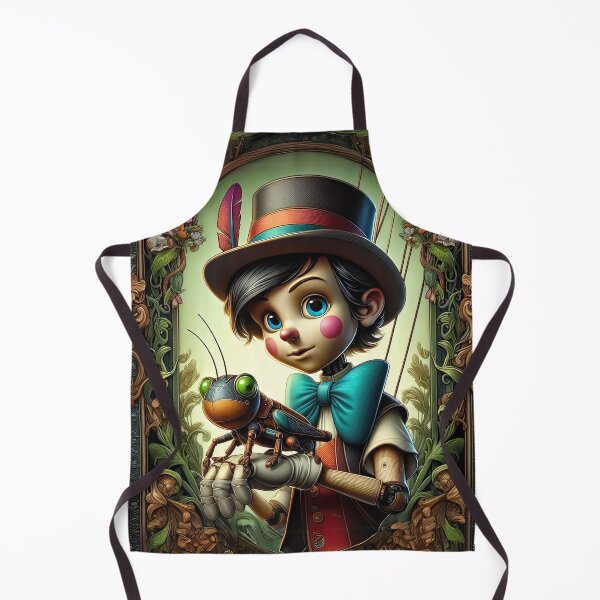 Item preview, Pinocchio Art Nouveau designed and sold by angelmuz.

------------------------------------------------------------------------

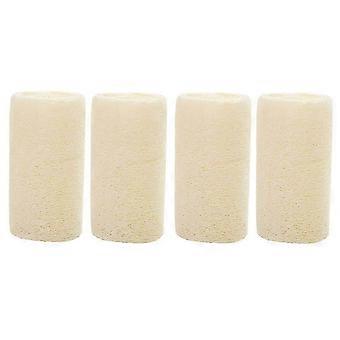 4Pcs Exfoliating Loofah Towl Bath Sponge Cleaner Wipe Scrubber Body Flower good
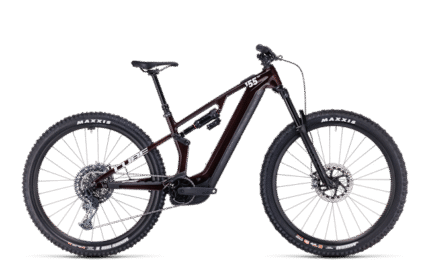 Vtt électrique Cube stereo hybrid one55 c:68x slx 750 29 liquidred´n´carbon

------------------------------------------------------------------------

▶ **Assigned task**: What lines above run from the one with "4Pcs Exfoliating Loofah" to the one with "Vtt électrique Cube"? Give them again exactly, ends included, and leave the pictures out.

▶ **Task answer**:
 4Pcs Exfoliating Loofah Towl Bath Sponge Cleaner Wipe Scrubber Body Flower good
 Vtt électrique Cube stereo hybrid one55 c:68x slx 750 29 liquidred´n´carbon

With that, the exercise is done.